# dust collector vent



## raskgle (Dec 10, 2007)

Need help with outside vent for dust collector. 3hp power matic need to vent to outside 1900 cfpm what size and something that open from air flow and close when off. Collector is in small room with 2 20 by 20 filters and still have a lot of dust. any help or sugestion. Thanks 
Carl.


----------



## dbhost (Jan 28, 2008)

Have you looked into building a Cyclonic separator? Take a look at Phil Thien's design http://www.cgallery.com/jpthien/cy.htm


----------



## Handyman (Jan 2, 2008)

raskgle said:


> Need help with outside vent for dust collector. 3hp power matic need to vent to outside 1900 cfpm what size and something that open from air flow and close when off. Collector is in small room with 2 20 by 20 filters and still have a lot of dust. any help or sugestion. Thanks
> Carl.



Have you thought of using a dryer vent on the outside of the wall like the ones on most houses today. It has a trap door and are pretty cheep to buy.


----------



## Leo G (Oct 16, 2006)

http://www.grainger.com/Grainger/items/4C556


----------



## raskgle (Dec 10, 2007)

*perfect*

Leo g. just what i was looking for Thanks. Carl


----------



## Ken Johnson (Nov 8, 2007)

dbhost said:


> Have you looked into building a Cyclonic separator? Take a look at Phil Thien's design http://www.cgallery.com/jpthien/cy.htm


 
Wow, that is an impressive demo. I think I'm going to have to try and find room in my shop for one of these. I guess it has to be a metal trashcan so it doesn't collapse under the vacuum pressure.


----------



## mmtools (Aug 21, 2008)

Something to consider..... Are the bags on the collector the standard 30 micron (thin) ones?? If you replace them with "felted" 5 micron bags, it will make a huge difference.
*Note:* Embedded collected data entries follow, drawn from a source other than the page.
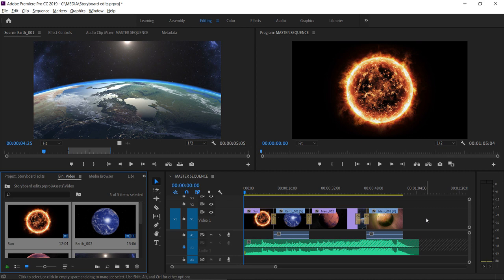And that's because when you use the automate to sequence option the overlap to create those transitions is taken from the selected range of the clip. It's not using the leftover media or handles to create that overlap. It just means you know exactly what's going into the sequence.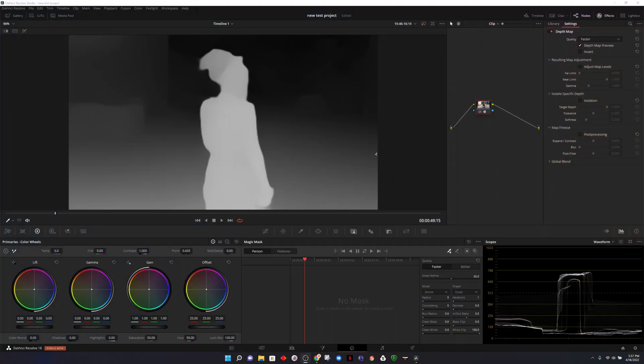DaVinci Resolve 18 was just released, at least in beta format, and I could not be any more excited. There's a lot that went into this update, including quality of life improvements and updates to the processing within the Fusion page. I'm very interested in a lot of the effects that they added, and I'm sure you are too. Let's go ahead and take a look at those.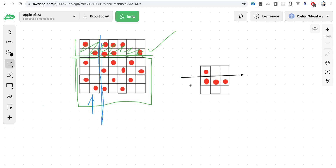To know whether a given sub-rectangle contains any apples, we need to efficiently compute the sum of apples in a rectangular region. This is similar to finding the sum in a rectangular grid, for which we can use the prefix sum method. I've already explained the prefix sum approach in another video — I'll share the link in the description.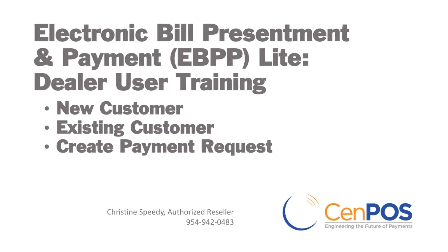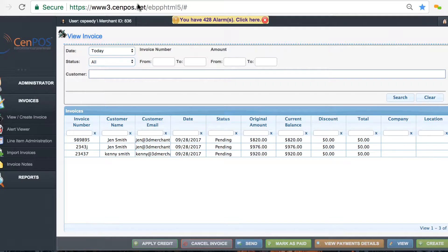This is Christine Speedy presenting Electronic Bill Presentment and Payment Light. My objective is for you to send payment requests via text or email with the least amount of effort and to expedite customer in-store pickups.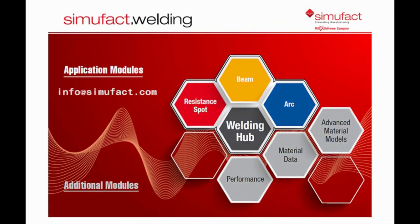This completes our SimuFact welding laser welding tutorial. In case you have any doubt, don't hesitate to contact us.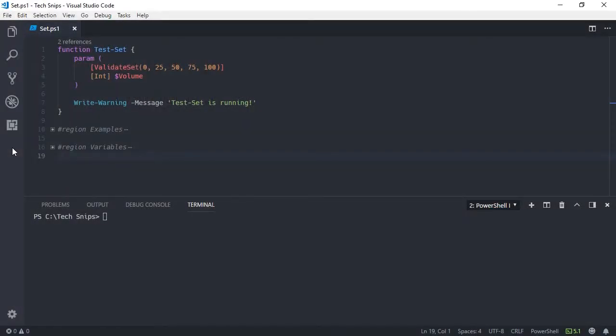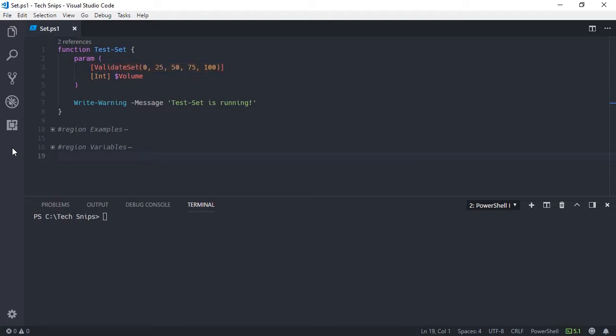PowerShell's ValidateSet validation attribute allows you to specify a collection of values which your parameters or variables will accept. In this example function, I'm using the ValidateSet attribute within square brackets to define a collection of integers which my volume parameter will accept.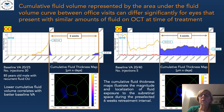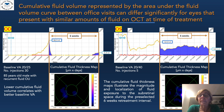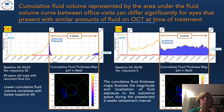We are introducing the concept of cumulative fluid volume, represented by the area under the fluid volume curve between office visits. In this bilateral case, we see that the cumulative fluid volume can differ significantly for eyes that present with a similar amount of fluid on OCT at the time of treatment. The cumulative fluid thickness map illustrates the magnitude and localization of the fluid exposure to the sub-retinal space during the pre-selected six-week re-treatment interval. Of note, the lower cumulative fluid volume in the right eye correlates with better outcomes.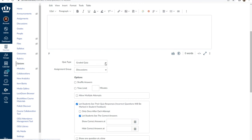Using classic quizzes, you can designate practice quizzes and ungraded surveys from the quiz type option.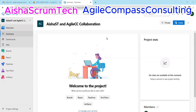Hey everyone, and welcome once again to Ayesha Scrum Tech YouTube channel. We are super excited to have you all for a second collaboration video on Azure DevOps. This is a collaboration video between Ayesha Scrum Tech and Agile Compass Consulting. Last week, we did a video on how to create a project on ADO, and this week we're going to be looking at a preview of the project board from a Scrum Master perspective.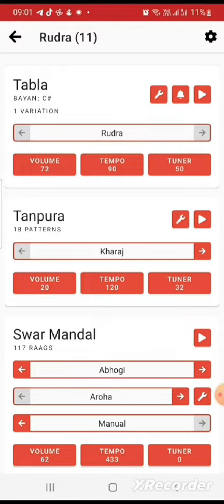The Tabla has 18 buttons. The Tabla is 10 buttons. The Tabla is not the same.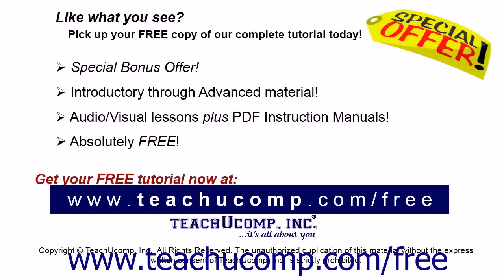Like what you see? Pick up your free copy of the complete tutorial at www.teachucomp.com forward slash free.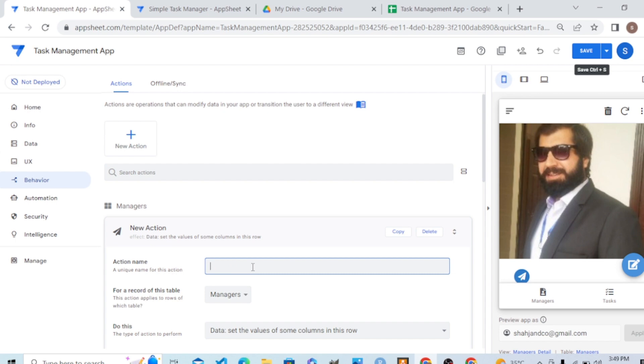What is the action name? Change the status of task. Change status of task. Let's say change task status, and where we need this.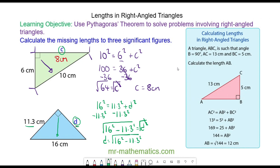So D will equal the square root of 16 squared minus 11.3 squared, which is approximately 11.3 centimetres. So this is an isosceles right-angled triangle. Thank you very much for watching. I hope you found that useful. Thanks again and take care.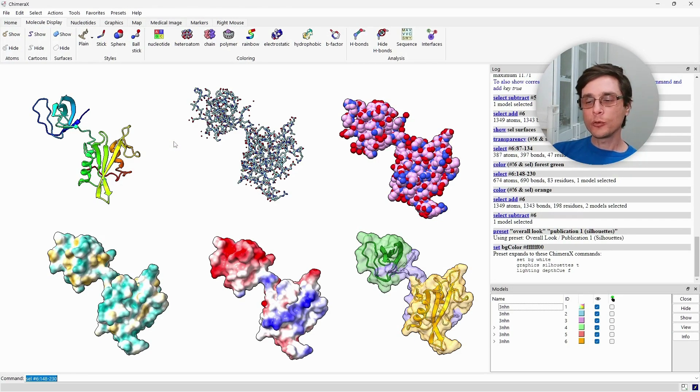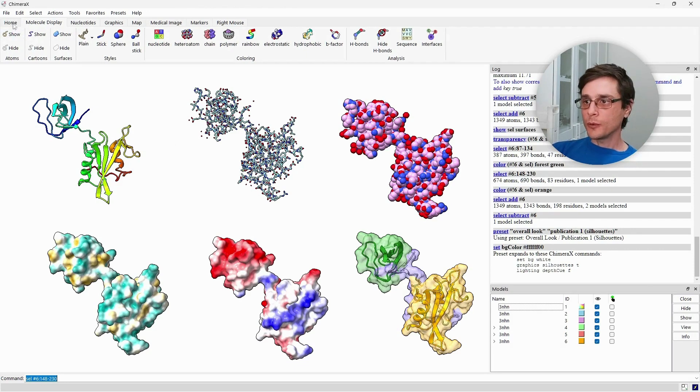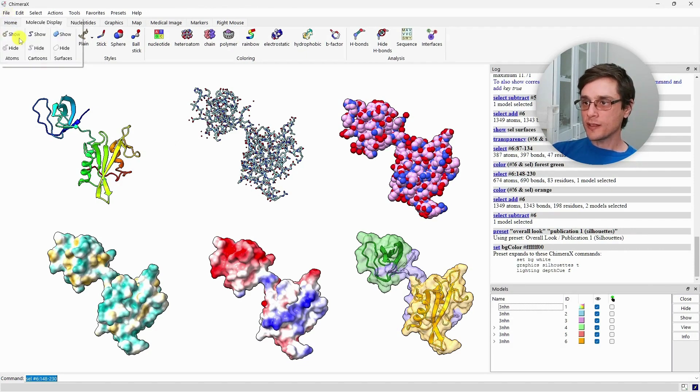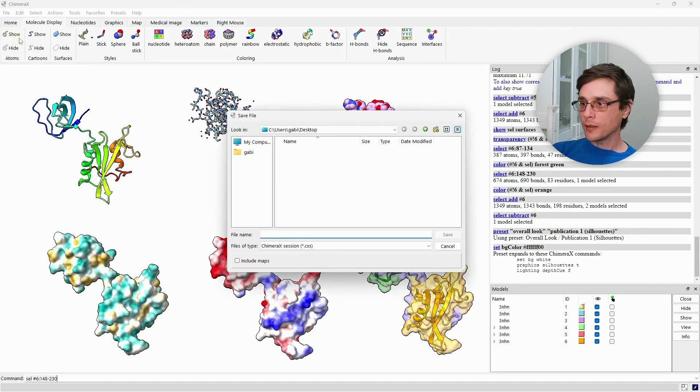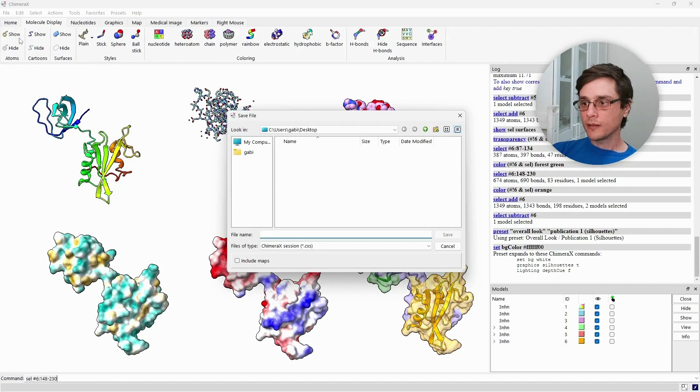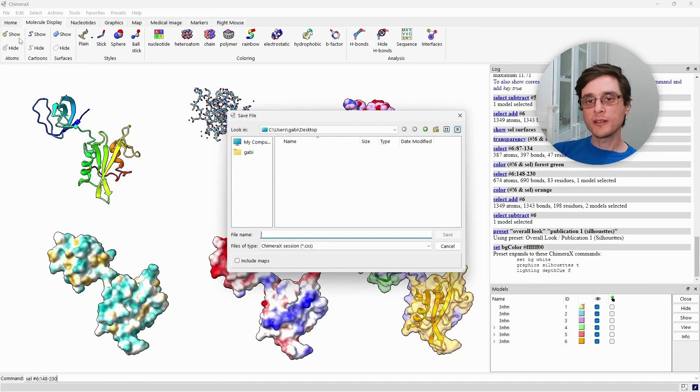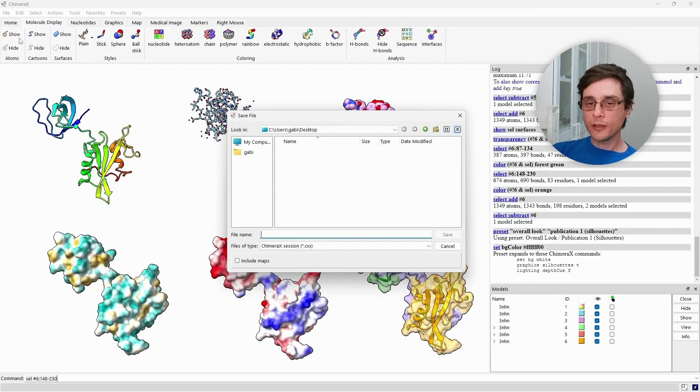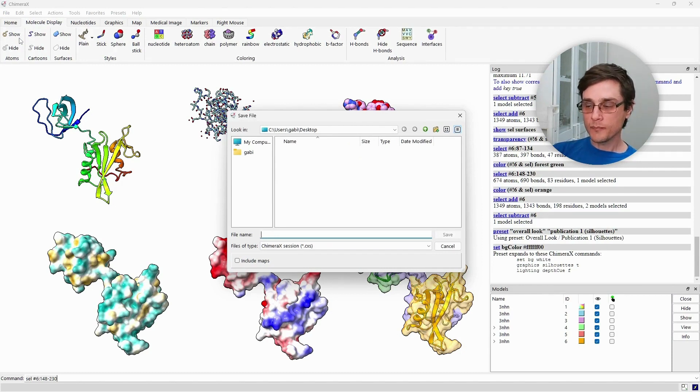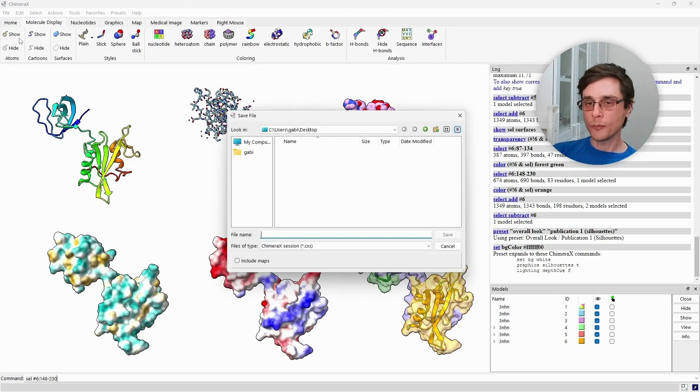When you finish your work, you would probably want to save it. You can either save it as a ChimeraX session. This way, all your styling and anything you did is saved as part of the session. You can then reload it and continue your work as it is with the same structures as you see now.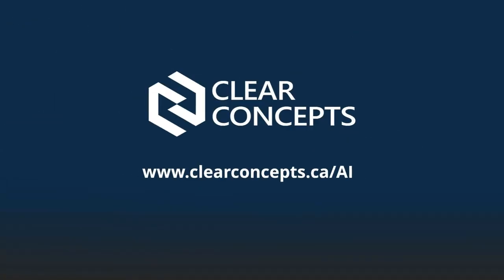So that's a wrap for today's exploration of prompt engineering. If you'd like to chat more about AI, feel free to reach out to us at clearconcepts.ca/AI to set up an AI discovery chat for your organization. Also, if you enjoyed this video, be sure to click the like button and subscribe to our channel. Until next time, happy prompting.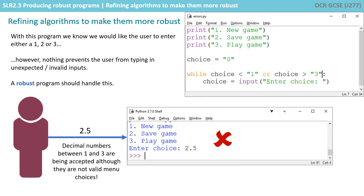However there is nothing that prevents the user from typing in unexpected or invalid inputs even if you don't want them to, and a robust program should handle this. For example here they've typed in 2.5. We'd like it to reject that because there is no menu option 2.5. The decimal numbers between one and three are being accepted although they're not valid menu choices.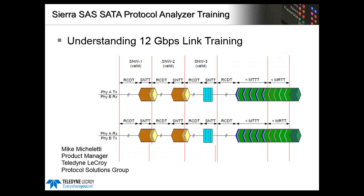In this video training we'll see how to identify the various stages of the SAS 12 gig link-up procedure including speed negotiation as well as receiver and transmitter training.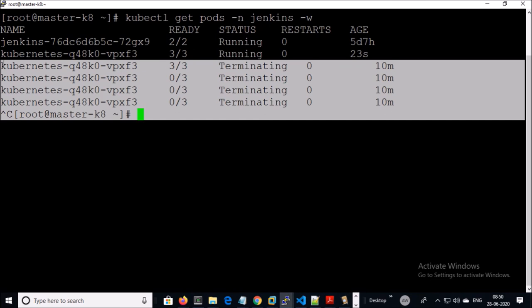Since all containers are in the same pod they are sharing the same storage and network. In the next video we are going to deploy this image on a Kubernetes cluster. Thanks for watching, have a nice day, goodbye.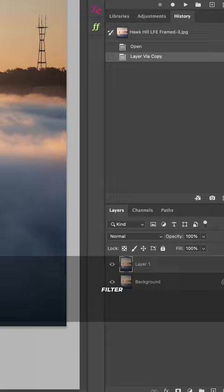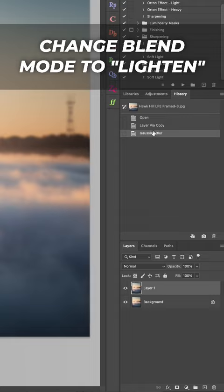Set the radius to about 15 pixels and then hit OK. Change your blend mode to Lighten and then drop the opacity between 15% and 50%, depending on how dreamy you want it.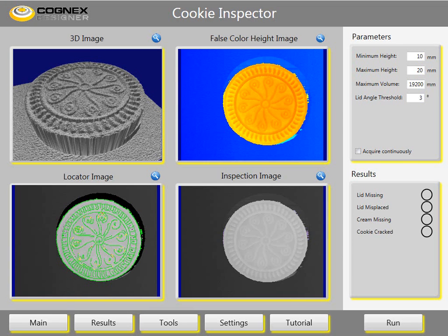In this application the customer wants to reject cookies that do not meet quality standards. In order to deliver premium quality, the cookies need to be optically sound and have the right amount of cream filling. We captured a set of images that show typical good and bad samples.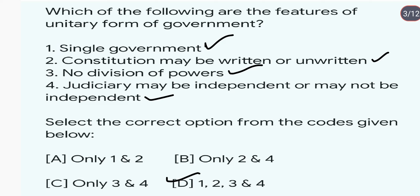Features of the unitary form of government include: single government, constitution may be written or unwritten, no division of power, judiciary may be independent or not, constitution may or may not be supreme, constitution may be rigid or flexible, and the legislature may be unicameral or bicameral. Yeh sare features hote hain.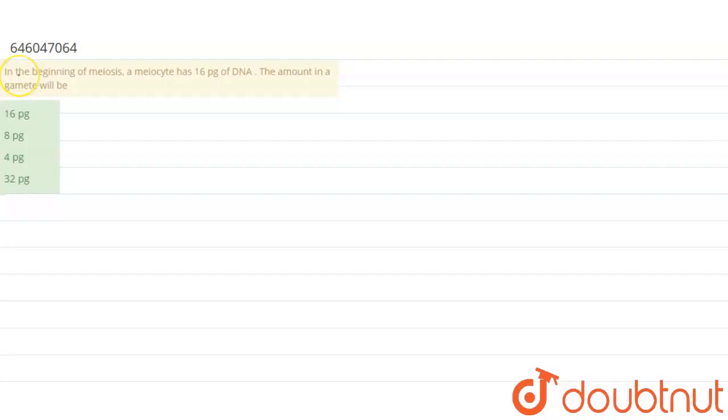The question is: In the beginning of meiosis, a meiocyte has 16 pg of DNA. The amount in a gamete will be?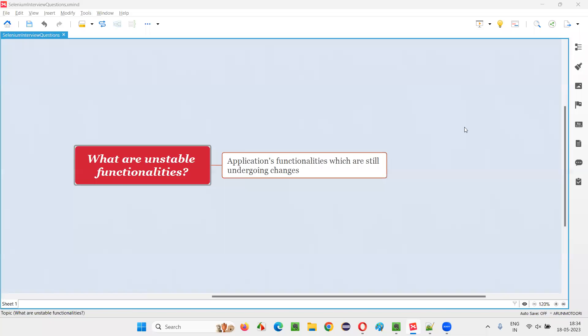Hello all, welcome to this session. In this session, I am going to answer one of the Selenium interview questions. That is, what are unstable functionalities?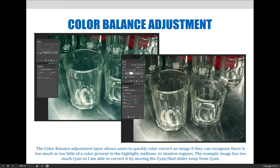This happens a lot when photographing glass and reflective surfaces. It also occurs when the white balance is not set on your camera prior to capturing an image using various light sources, like an incandescent or a fluorescent light in a room.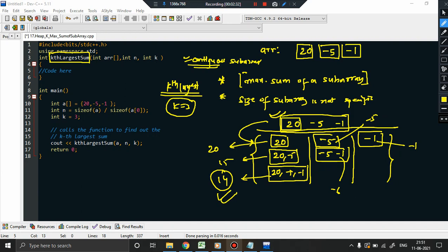We will proceed gradually. The very first thing we should do is find all possible sums that exist, and then we will try to find the kth largest sum. Before that, we need to be able to generate these sums. The trick is to use nested loops.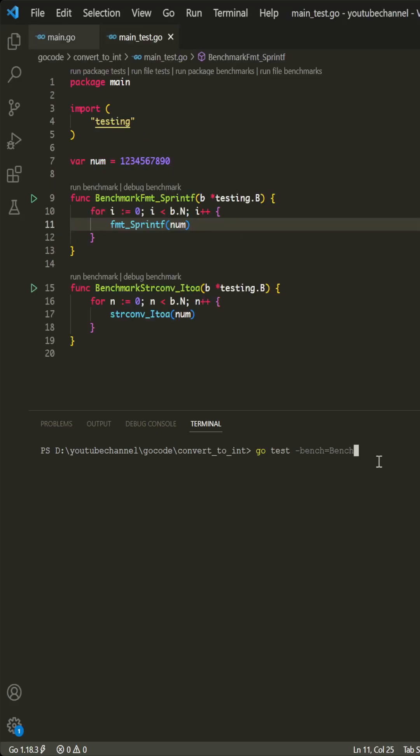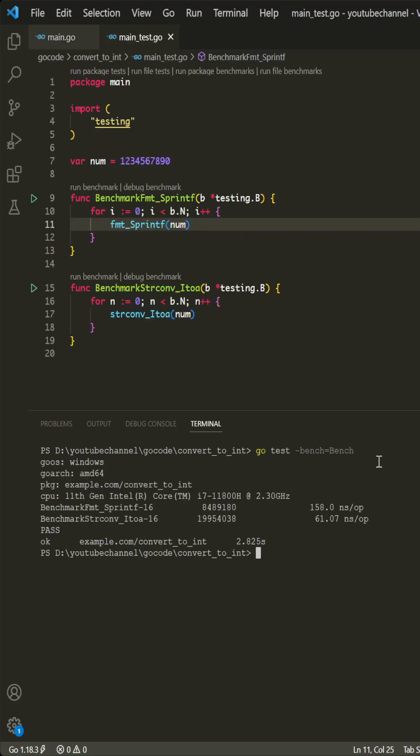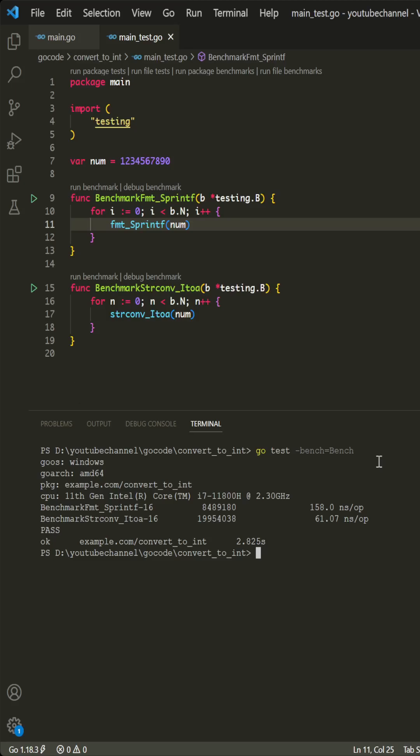Let's run the benchmarks. SprintF is the slower one, and ITOA function is faster than SprintF function by around two and a half times.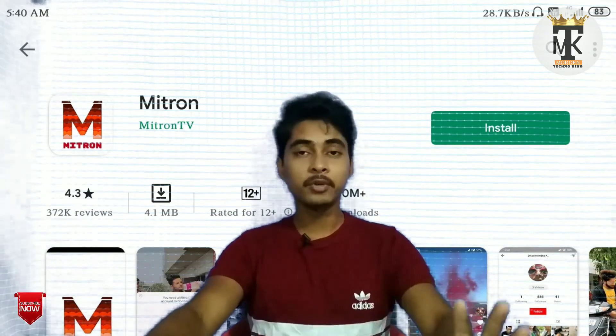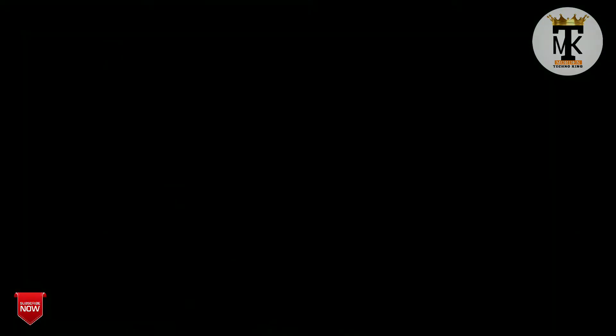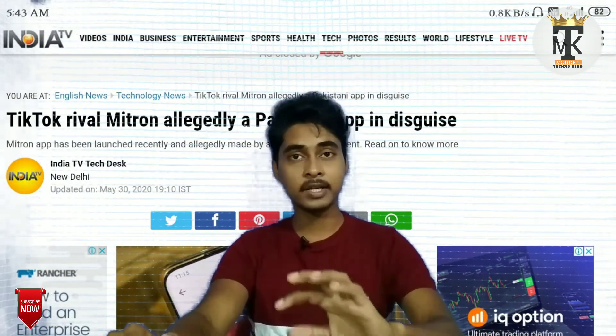The next application is the Mitron app. This is about 2 months old. It is considered an Indian app, but there is controversy about it being from Pakistan. There are articles about it coming from Pakistan and India. We know that this application is an Indian and Pakistan application.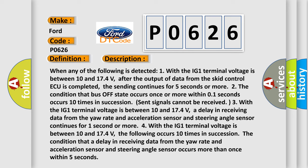The condition that a delay in receiving data from the yaw rate and acceleration sensor and steering angle sensor continues for 1 second or more. 4. With the IG1 terminal voltage between 10 and 17.4 volts, the following occurs 10 times in succession: The condition that a delay in receiving data from the yaw rate and acceleration sensor and steering angle sensor occurs more than once within 5 seconds.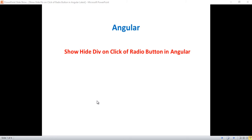Hello everyone, this is Satya Prakash, welcome to my channel. In this video I will show you the steps to show and hide a div by clicking on a radio button in Angular.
Cost is about $70 per bag, but your lungs will thank you:thumbsup:


----------



## Nate1778 (Mar 10, 2008)

Handyman said:


> Have you thought of using a dryer vent on the outside of the wall like the ones on most houses today. It has a trap door and are pretty cheep to buy.






3hp, 1900 cfm going through a dryer exit, POP goes the weasel.........


----------



## user4178 (Apr 18, 2008)

I'm guessing you don't heat your shop in the winter, or have neighbors close by.


----------